Fully Booked on Any Day of the Trip
By VANESSA HARTMANN
S we are being driven through the palm oil groves of Costa Rica, my mother's head is buried in Keen's guide to Central American mollusks. My father is unsticking the clammy thin pages of a biography of Trotsky, and my brother is reading about obscure weaponry used in the Civil War. Every once in a while, a bump in the dirt road might cause them to look out at an idle herd of cattle or a ditch-digging operation. I would have a book on my lap as well if I weren't inclined toward carsickness.

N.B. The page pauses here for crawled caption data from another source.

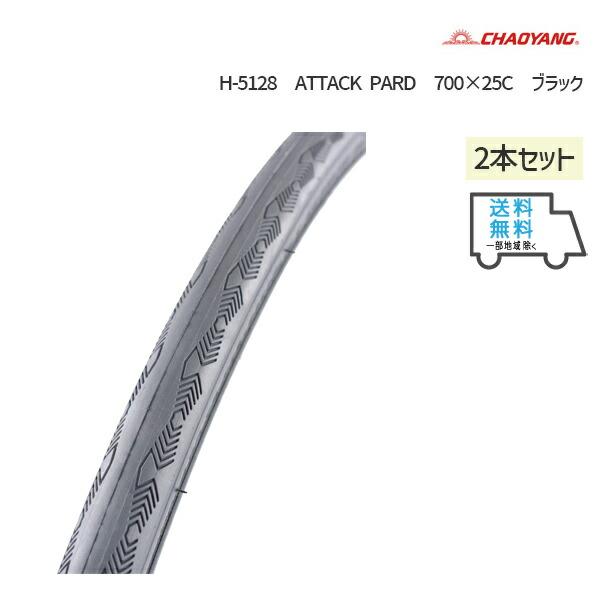 新品!! chaoyang チャオヤン　タイヤ　700×25c 2本 Amazon | CHAOYANG H-457 700×25C 2本セット 《チャオヤン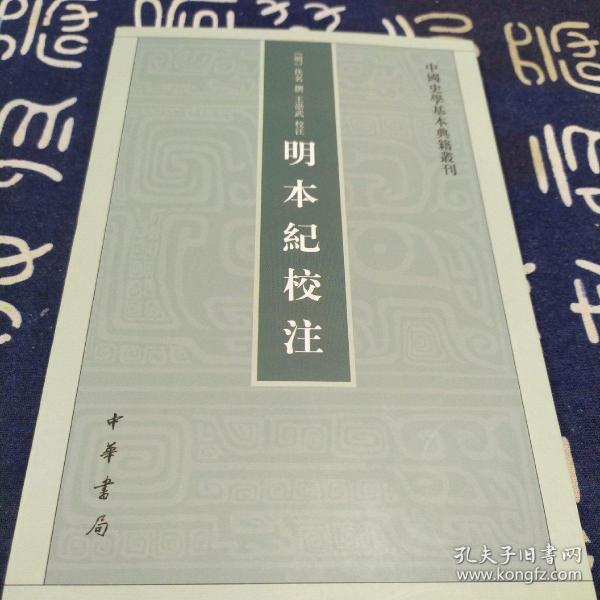 明本纪校注（中国史学基本典籍丛刊） 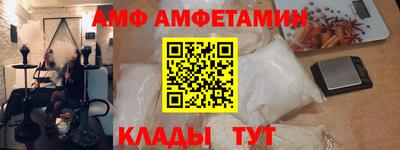 прущий лед Краснокаменск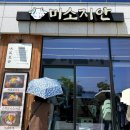 돈뼈랑 감자탕 | [울산 장생포] 미소지안 솔직후기 | 비빔칼국수는 별미, 돈뼈칼국수는 음..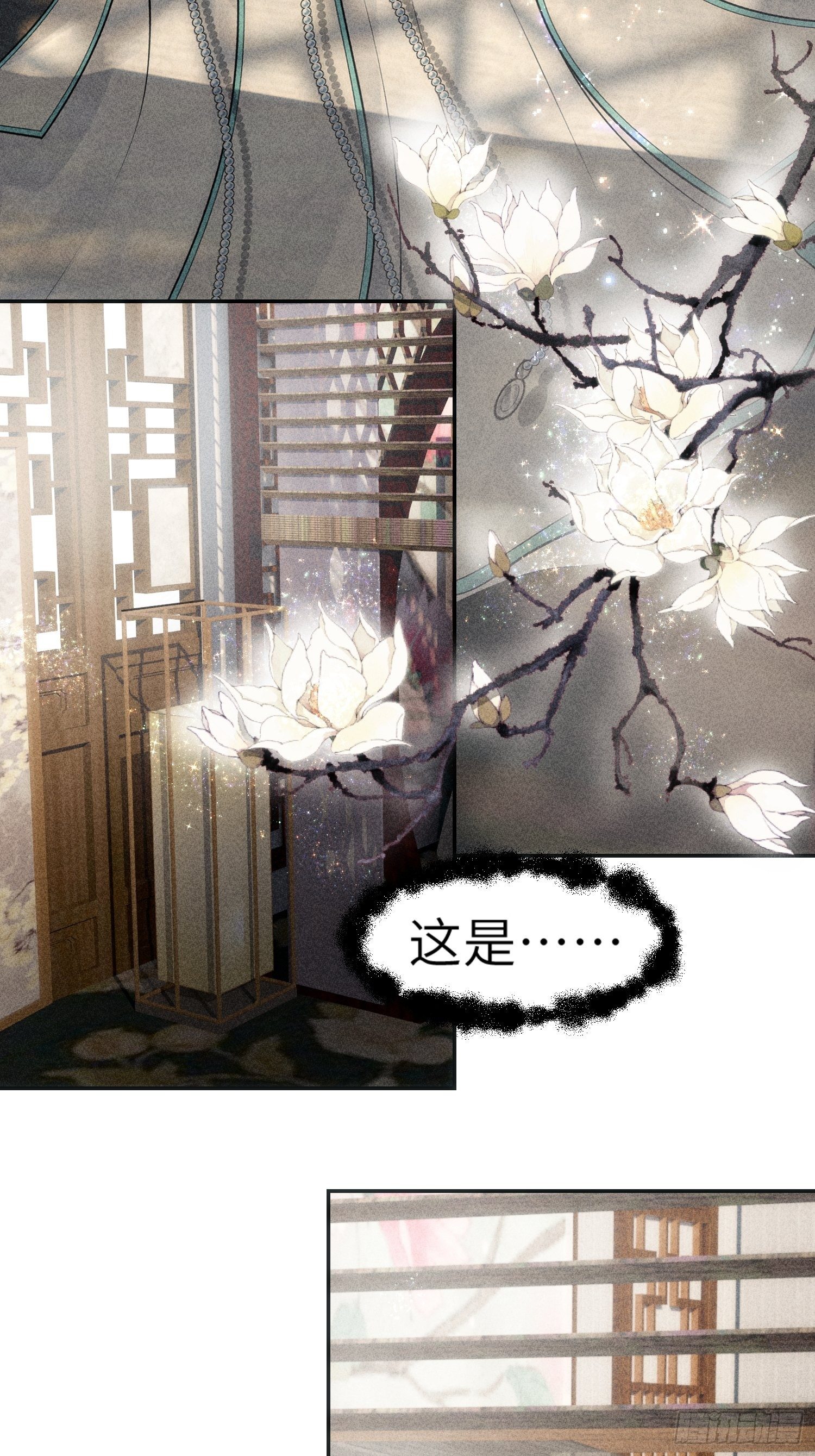 第一话28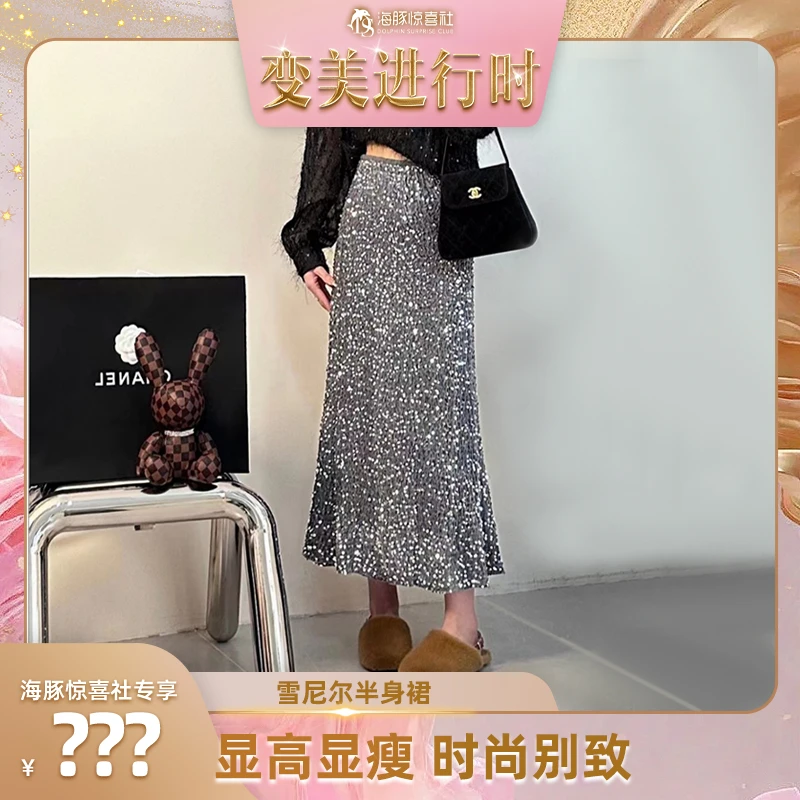 【海豚专属】星辰大海亮片鱼尾裙洋气气质高腰时尚复古裙子百搭295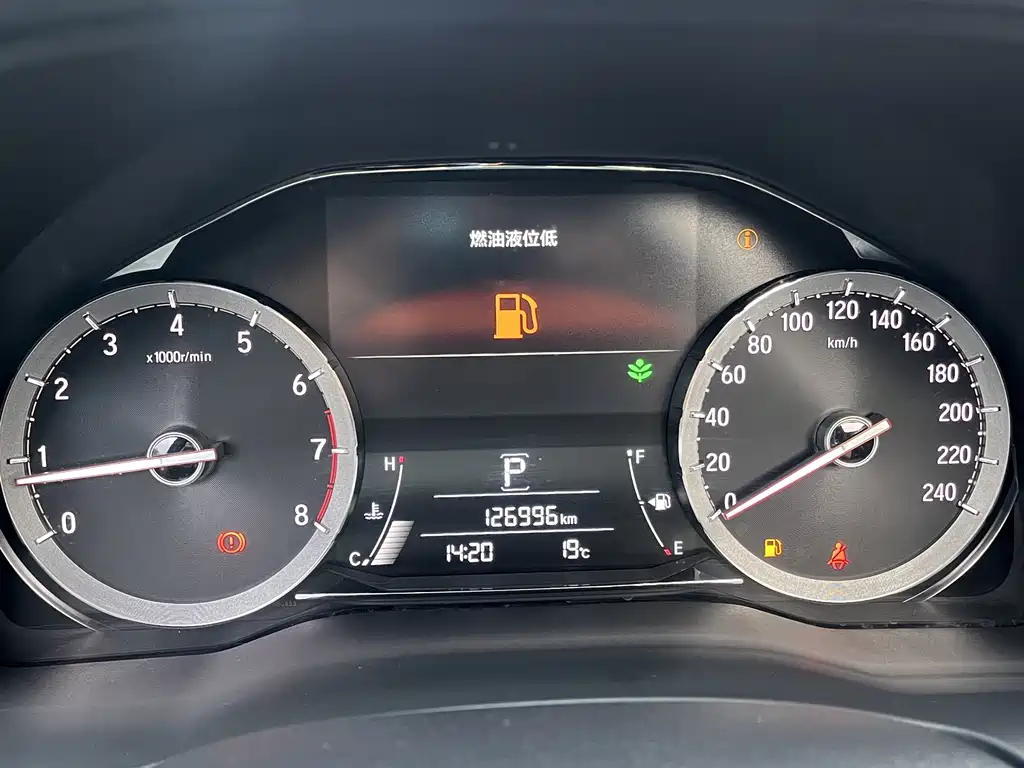 Honda UR-V 2020 — фото 14
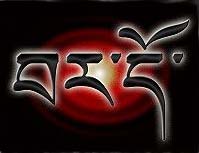 Bardo im Buddhismus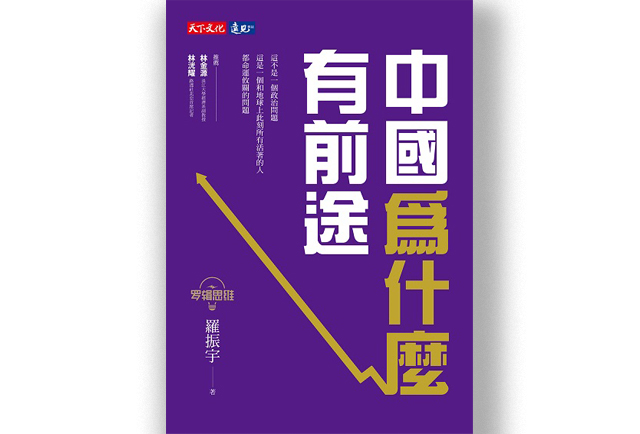 中國的突飛猛進 有何值得參考之處？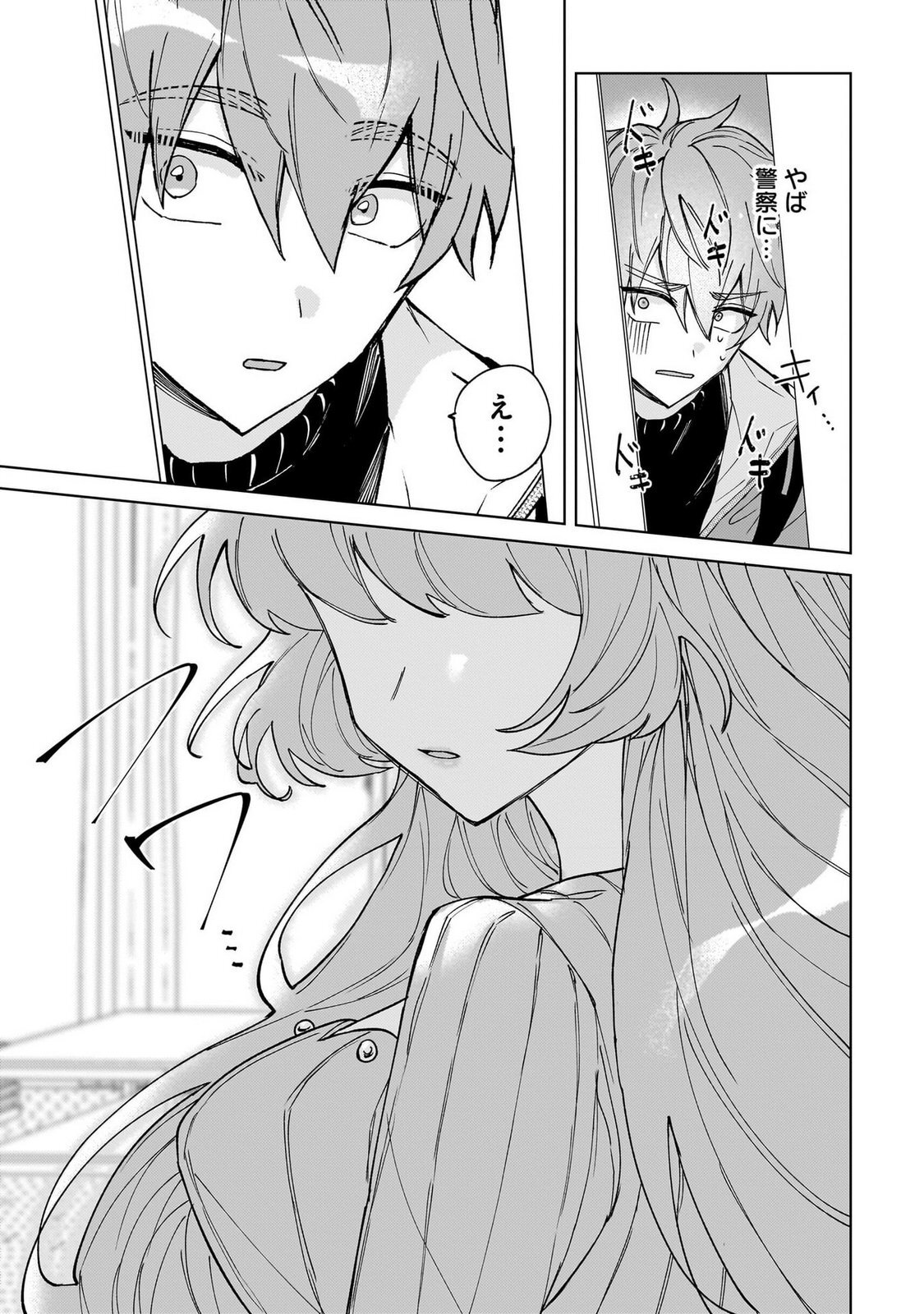[Senjou Maiko] Moto Maho Shojo no Onee-san wa Koi wo Shiritai Volume 1 - Page 133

We spend four days on the edge of the Corcovado forest where there are no phones or televisions and the electricity flickers. Land crabs with bulbous red claws guard their territory underneath the dressers while four-inch giant roaches keep our sheets warm, preparing to lay their eggs. During the day we snorkel and hike, and in the afternoons, as a boat takes us back to the camp, we fall silent in anticipation of our books. We had forced ourselves to leave them in the cabin for fear that they'd get wet. We walk straight to them, on the night stand, the bed, on top of the suitcase. The daily summer rains give us a two-, sometimes three-hour excuse to read.
My father shows me how the pages of his Trotsky book are mildewing from the humidity, the edges turning yellow and black. Later, at home, this will remind him of our trip. He sits on the bed after checking for roaches in their screened room, gets through a few more chapters, and drifts off to sleep to the steady rhythm of a blanket of rain.
On the porch of the cabin, my mother sits with her book of Ziegler and Porreca's "Olive Shells of the World," taking notes. When the rain transforms into a thick fog, I go down to the beach to pick up olive shells and small cowries to bring back to her so she can identify them. She saves the fresher ones to photograph for the field guide she's planning to write.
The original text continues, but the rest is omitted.